世界的指揮者として知られ、5月には自身初となるピアノ・ソロ・アルバム
『エリーゼのために〜マエストロからの贈り物』をECMレーベルからリリースした
チョン・ミョンフン。さる6月10日(火)には、東京「HAKUJU HALL」でアルバム発売を記念したミニ・リサイタル&トーク・イベントを開催し、日本のコンサート・ホールでは初となるピアノ・ソロ演奏を披露しました。
1974年に〈チャイコフスキー国際コンクール〉のピアノ部門で第2位へ入賞後、一時期はピアニストとしても活躍していたチョン・ミョンフン。現在、世界的指揮者として活躍する彼が日本のコンサート・ホールでピアノ演奏を披露するのは実に8年ぶり、ピアノ・ソロでは今回が初! 演奏前には、「今日は、リサイタルということではなく、家族や友達に弾く感覚で演奏させてください」と語ると、アルバムから「シューマン:トロイメライ」、「シューマン:アラベスク」、「シューベルト:即興曲変ホ長調D899 / 2」、「ショパン:夜想曲嬰ハ短調遺作」、「ベートーヴェン:エリーゼのために」の5曲を披露。予定されていたプログラム以外の曲も披露するなど、来場者を存分に楽しませてくれました。
司会者とのトークでは、今回のアルバムについて、「孫のために何か録音したいと思い、自然に聴ける曲を収録しました。音楽は自然な、言葉のような存在です。今回はピアノ・ソロのレコーディングでしたが、楽しいひと時を過ごすことができました。指揮者は自ら音は出しません。ですので、自らピアノを演奏することは私にとって必要なことなのです。ピアノを演奏するときは一人ひとりに語りかけるように心がけて弾いています」と語る。“2枚目のピアノ・ソロ・アルバムの予定は”という質問には、「ECMからオファーはきていますが、リリースするにはたくさん練習をしないといけません」と、ユーモアを交えて答える場面も!

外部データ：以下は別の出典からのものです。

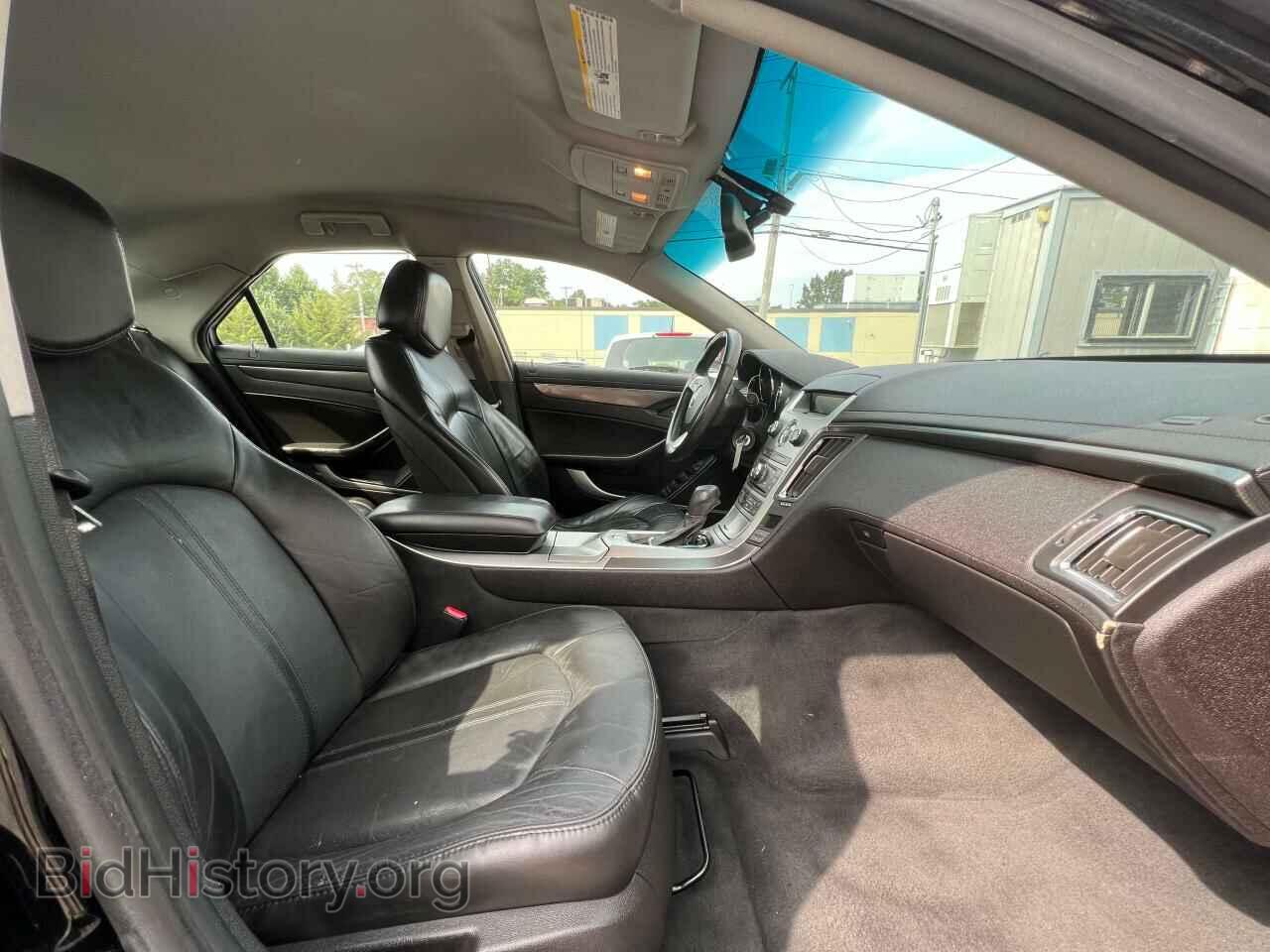 2009 CADILLAC CTS - VIN: 1G6DG577790156968 - Фото 5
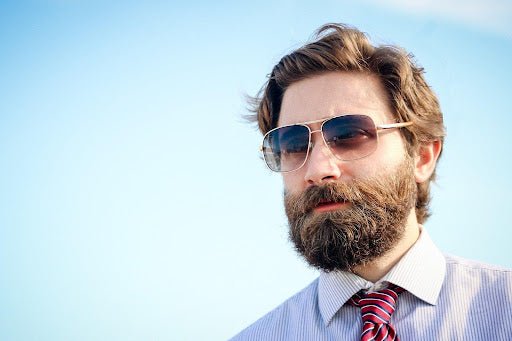 Why Some Men Can't Grow A Beard - Beard Gains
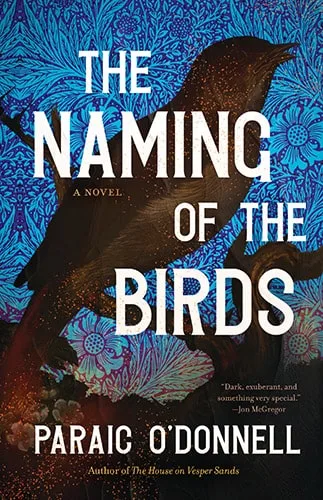 The Naming of the Birds Book Cover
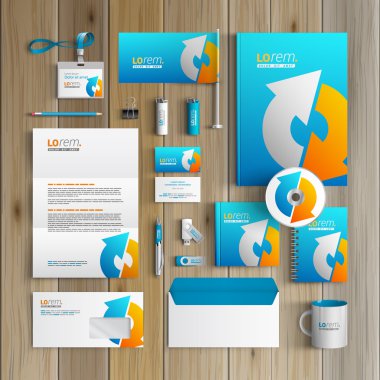 ileti örneği tasarım şablonu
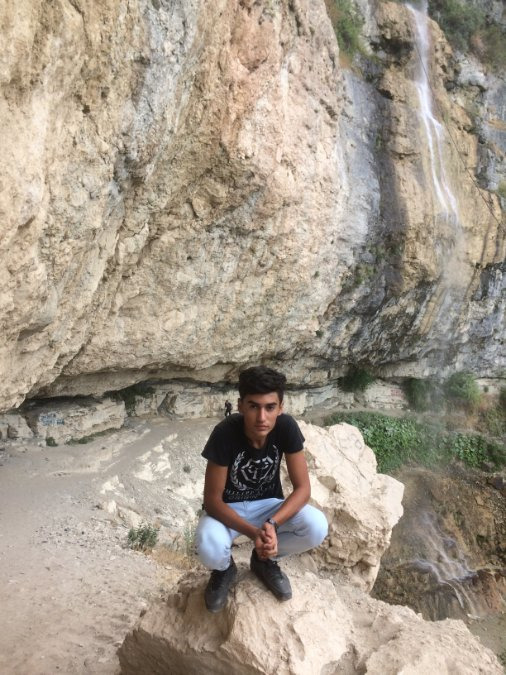 Azad Aziz, 26, Sumgait, Azerbaijan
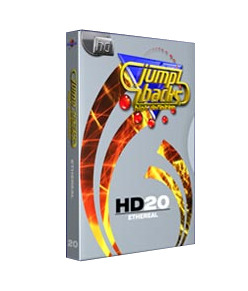 HD解像度のCGアニメーション素材集「Jump Backs HD」シリーズに新ラインアップ追加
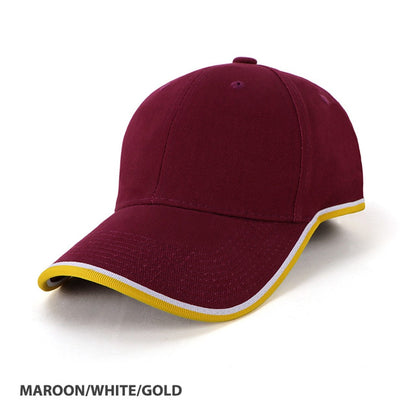 Grace Collection Michigan Cap-(AH477/HE477 )
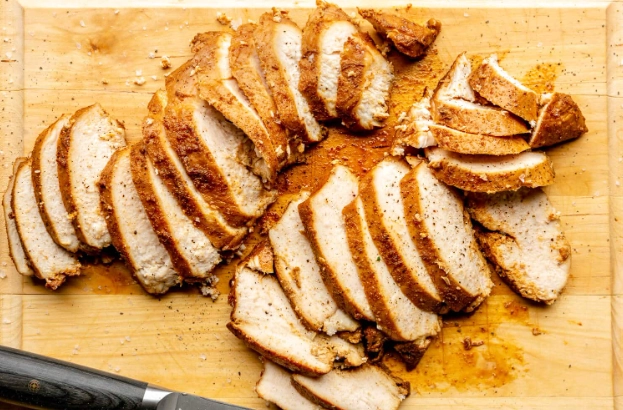 sous vide chicken breast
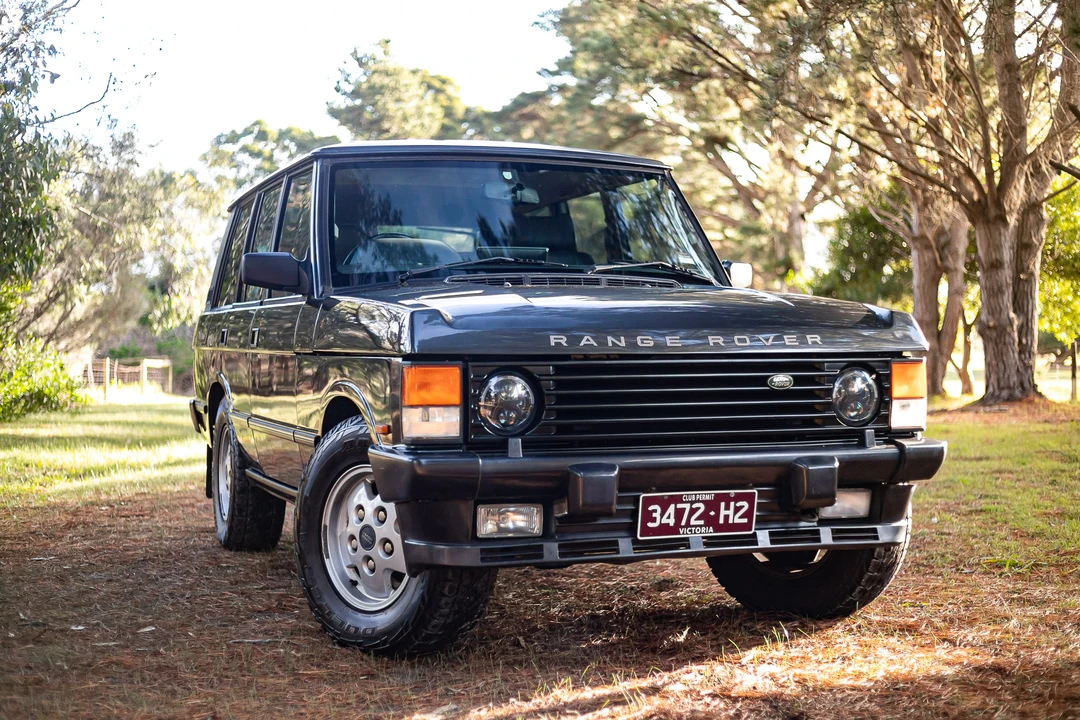 1994 Land Rover Range Rover Classic - Image 29 of 31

アルバム『エリーゼのために〜マエストロからの贈り物』は、チョン・ミョンフン初のピアノ・ソロ・アルバムで、ECMにとっても初のピアノ名曲集。次男がECMに勤めている関係で実現したこのアルバムは、前衛的なレーベルとして知られるECMとしては珍しい、とても人気のある作品ばかりが収録。ある曲は孫娘のため、ある曲は長男の結婚祝いに、そしてある曲はヴァイオリニストの姉
チョン・キョンファへ……それぞれの作品を、自身の愛すべき家族に捧げ、愛情豊かに演奏しています。